The legacy of Moscow Mitch
The fly in Mitch McConnell’s chardonnay mint julep is that although he has an unusually hostile relationship with Trump as most Republican elites became affirmative supporters, nobody has acted more consequentially to enable him:
If there is one person who single-handedly held the power to banish Donald Trump from public life, and thus to save the republic from any threat he will return to power and use it as a weapon of vengeance, that person is Mitch McConnell. In the days after January 6, 2021, Trump had discredited himself with his party and stood on the brink of reputational ruin. The House had impeached him for his coup attempt, with ten Republicans joining in. With a small push, McConnell likely could have mustered enough votes to convict him and disqualify the former president from holding public office again.

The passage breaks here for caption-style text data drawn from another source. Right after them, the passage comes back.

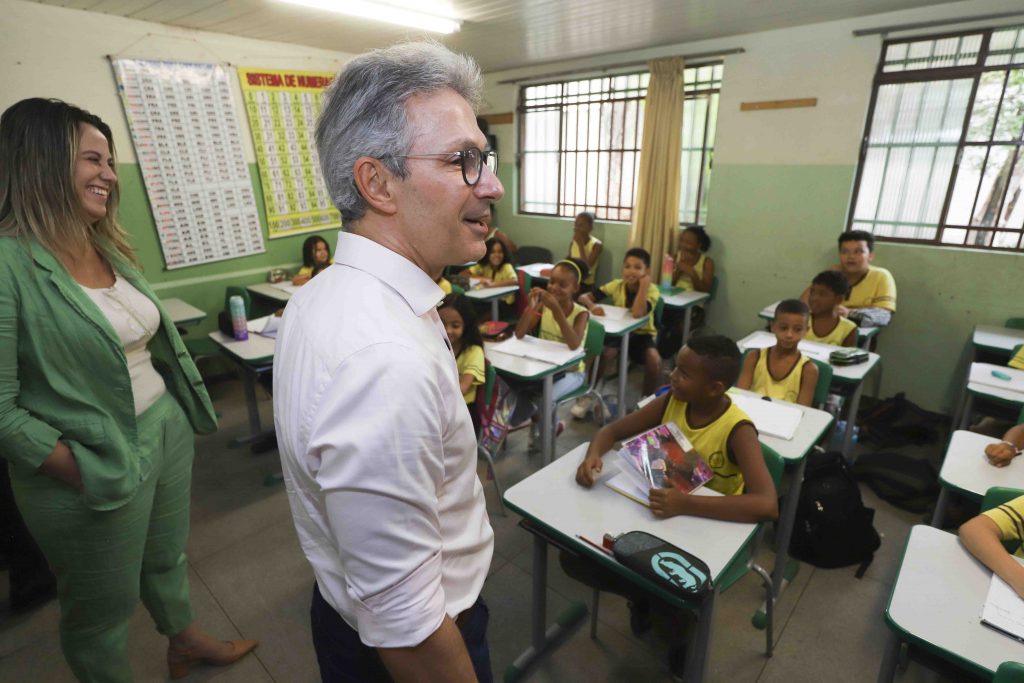 Governo de Minas investe R$ 4,5 bilhões na rede de ensino 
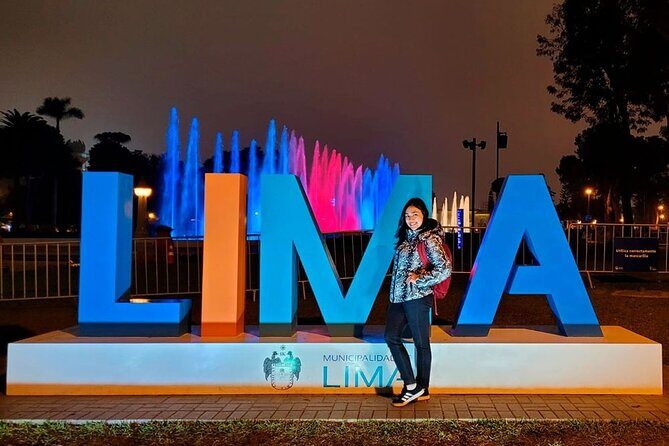 Magic Water & Laser Light Show Including Pickup And Drop-Off - Circuito Mágico del Agua: Lima’s fountain complex at night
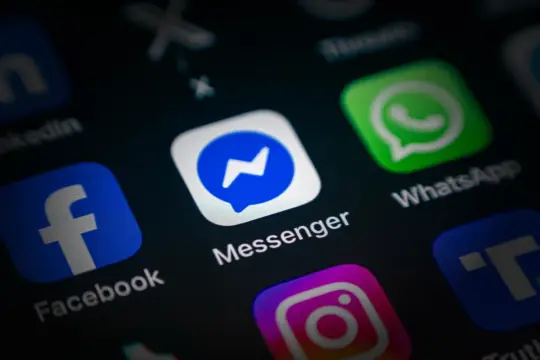 Ikona Messengera na ekranie telefonu, obok Facebooka i WhatsAppa. Dziś messenger nie działa, więc trzeba szukać alternatywy.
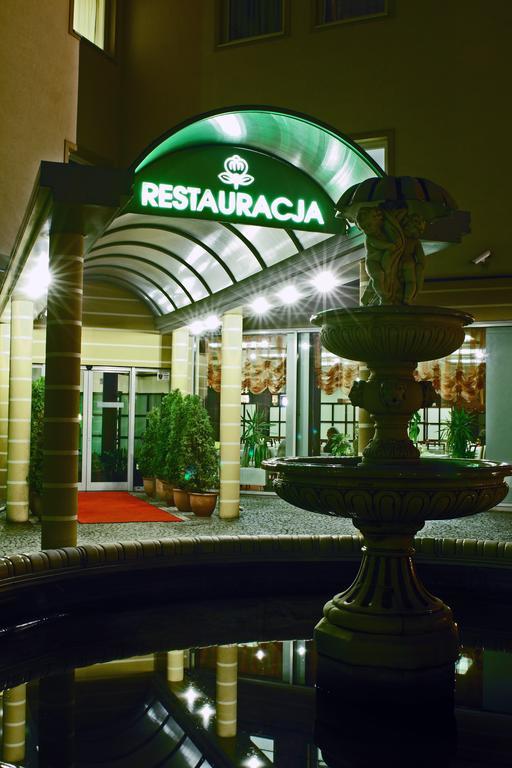 L'Ascada Hotel Śrem Dış mekan fotoğraf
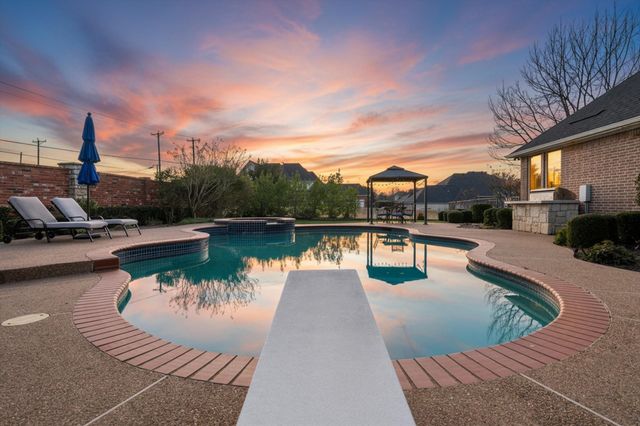 901 Walnut Falls Circle, Mansfield, TX 76063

Instead, McConnell decided such a vote, by splitting his party, would put it at a disadvantage. He convinced himself Trump would simply fade away on his own. And now, three years later, Trump stands as the prohibitive favorite to regain power, as McConnell has watched his influence ebb as he fades away into retirement.
I will say that I’m a little less confident that the votes would have been there to impeach Trump, but it remains a fact that McConnell gave up preemptively, and pretended to believe that it was unnecessary. If multiparty democracy in America doesn’t survive 2024, McConnell will be one of the people who bear the most responsibility. even before we get to his role in creating the Supreme Court supermajority that is currently throwing the rule of law into the Potomac.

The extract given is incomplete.